HONOLULU - Hurricane Lane soaked Hawaii with more than 50 centimeters (19 inches) of rain in 24 hours, and forecasters warned some areas could see up to 80 centimeters (31 inches) before the storm turns westward over the weekend.
The National Weather Service said Lane was not projected to make a direct hit on the islands.
“You do not need a direct strike to have major impacts from a hurricane this strong,’’ said Steve Goldstein, a meteorologist at the National Oceanic and Atmospheric Administration in Washington.
The center of the Category 4 storm was predicted to move close to or over portions of the main islands later Thursday or Friday, bringing dangerous surf of 6 meters (19 feet), forecasters said.
From Oahu to the Big Island, schools, businesses and government offices closed and residents stocked up on goods and boarded up their homes.
The storm, packing sustained winds of 230 kilometers per hour (142 mph), has been wavering between Category 4 and Category 5 strength. It was about 322 kilometers (200 miles) south of Kailua-Kona Thursday and moving northwest toward other islands.
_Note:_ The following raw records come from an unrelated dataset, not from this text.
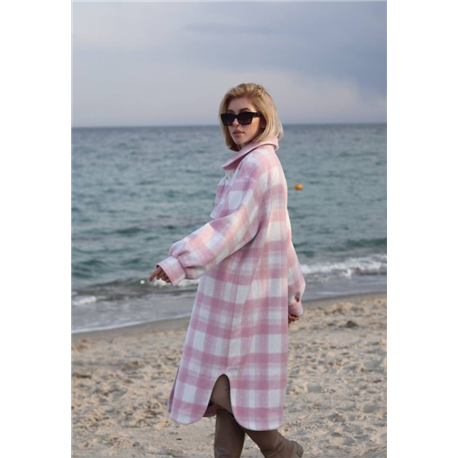 Пальто купить маркетплейс p 49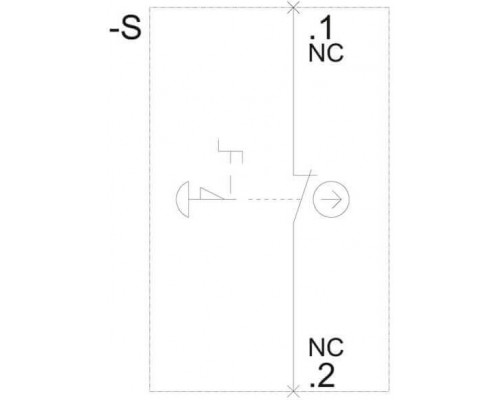 3SB3203-1HP20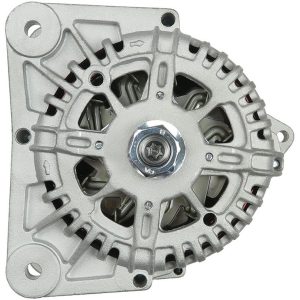 Alternator RENAULT LOGAN I (LS_) 1.5 dCi diesel 68 cai AS-PL A3052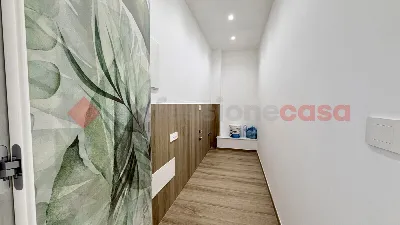 Appartamento in vendita a Nocera Inferiore - foto 4
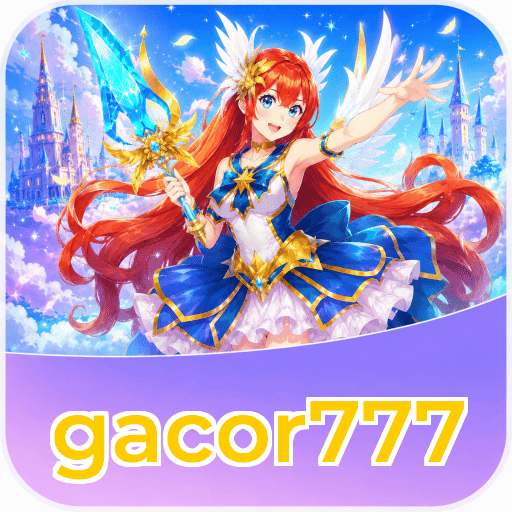 gacor777 Download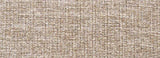 Stone fabric swatch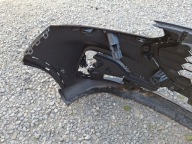 front bumper grill FORD KUGA III ST-LINE MK3 2019R->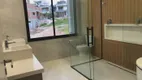 Foto 43 de Casa de Condomínio com 4 Quartos à venda, 430m² em Urbanova, São José dos Campos
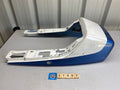 Suzuki GSX400 Tail Piece Panel 45510-44400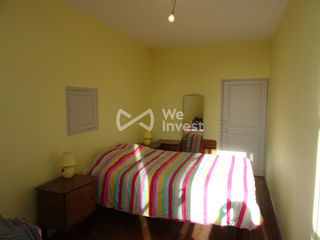  Maison � vendre 6 pi�ces 130 m�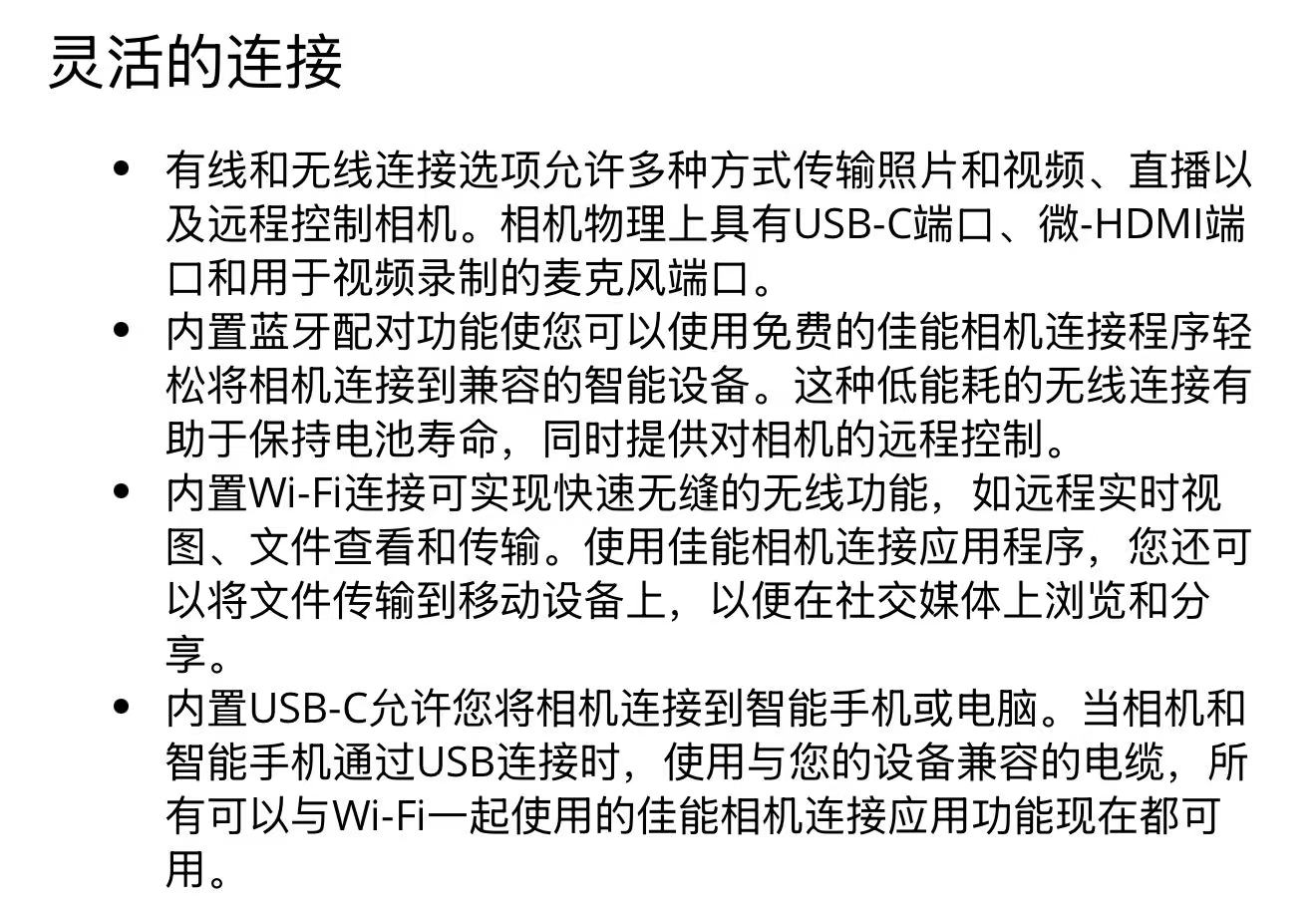 微信图片_20250507170632.jpg
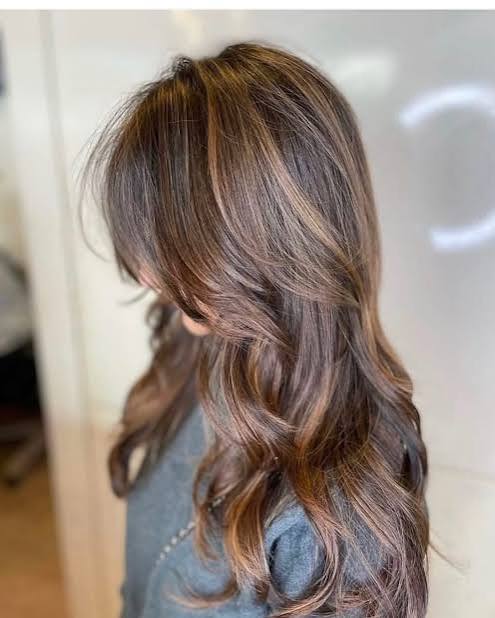 Butterfly or Soft Bob? Winter Park Hair Salon Helps You Choose - Bonne Vie Salon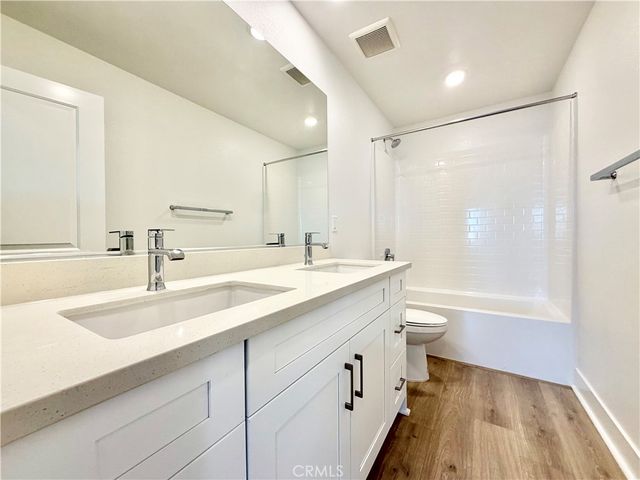 34390 Coconut Circle, Winchester, CA 92596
President Donald Trump declared a state of emergency Wednesday and “ordered Federal assistance to supplement state and local response efforts,” a White House statement said.
The National Weather Service warned Hawaiians to expect flash flooding and landslides, with total rain accumulation of more than 50 centimeters (19 inches). The service predicted “excessive rainfall” will result in “significant and life-threatening flash flooding and landslides.”
Governor David Ige has signed an emergency proclamation to “provide relief for disaster damages, losses and suffering” caused by the hurricane. The proclamation declares the counties of “Hawaii, Maui, Kalawao, Kauai and the City and County of Honolulu disaster areas for the purpose of implementing emergency management functions,” his office said.
The hurricane forced the U.S. Navy to begin moving its ships and submarines away from the islands, according to Navy Rear Adm. Brian Fort. He said Wednesday that all ships not currently undergoing maintenance are being moved out of Pearl Harbor and will be positioned to help respond after the storm, if needed.
The central Pacific gets fewer hurricanes than other regions, with about only four or five named storms a year. Hawaii rarely gets hit.
But longtime Hawaii residents were reminded of the destruction caused by Hurricane Iniki in 1992 that made landfall on Kauai island as a Category 4 storm. It killed six people and caused $1.8 billion in damage.